Quinn's kits are now 15 days old and are starting to get rambunctious.


----------



## Craig Fales (Oct 26, 2012)

These are resized pics, if a mod would like to move these to my first post here. I don't seem to be able to edit it myself.


----------



## crazyismycat (Feb 7, 2012)

Awe they are sooo cute !! I want some!!!


Sent from my iPhone using Petguide.com Free App


----------



## Leazie (Apr 14, 2007)

Aww, they look so cute. Love thier pudgy bellies- Momma is doing a good job.


----------



## Craig Fales (Oct 26, 2012)

I can't forget to share some pics of my other stray. The black/grey tabbies seem to like me. His name is skweeker because he was so weak he could only make squeaking noises. I found him in the garage, he looked as though he may have been thrown from a car or hit by one. He had a large bump on a front leg but was not broken. One claw and half a toe pad was gone as well on a back paw. Now he's a healthy 20 pound butterball.


----------



## spirite (Jul 31, 2012)

Awww! What a good mom, and what cute little balls of fur! Though the little guy by mom's tail seems to be missing out. 

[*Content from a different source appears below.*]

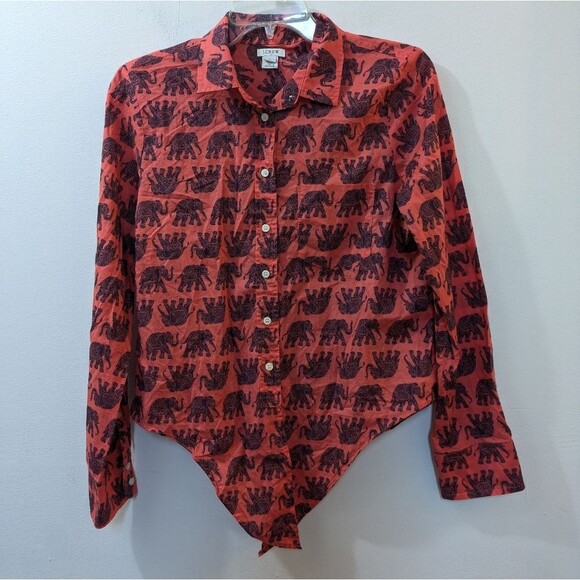 J. Crew Factory Coral Elephant Print Button Down Shirt Front Tie Women's Small - Picture 5 of 9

That stray has beautiful green eyes!


----------



## Craig Fales (Oct 26, 2012)

spirite said:


> Awww! What a good mom, and what cute little balls of fur! Though the little guy by mom's tail seems to be missing out.
> 
> That stray has beautiful green eyes!


Trust me when one wants to feed they burrow under all the others to find a teat, usually disrupting all others that are feeding.


----------



## Arianwen (Jun 3, 2012)

Fabulous!


----------



## Leazie (Apr 14, 2007)

Skweeker is a handsome man with a heartwarming story. So glad that he is healthy now.


----------



## Craig Fales (Oct 26, 2012)

Leazie said:


> Skweeker is a handsome man with a heartwarming story. So glad that he is healthy now.


Thanks, he's quite a character. Your kitty Missy looks just my sister's cat Oliver.


----------



## blossombeautiful (Jul 21, 2012)

*Kittens*

We're getting kittens just like that tomorrow!


----------



## Craig Fales (Oct 26, 2012)

Kitty pic update. They are now just over 8 weeks old. First is Nermal, then Dizzie who is the runt of the litter ,then Baby. I'm still trying to get Nermal and Dizzie adopted. I'll be keeping Baby as she's just to cute to let go. The other two Blackie and Whitie have been adopted already.


----------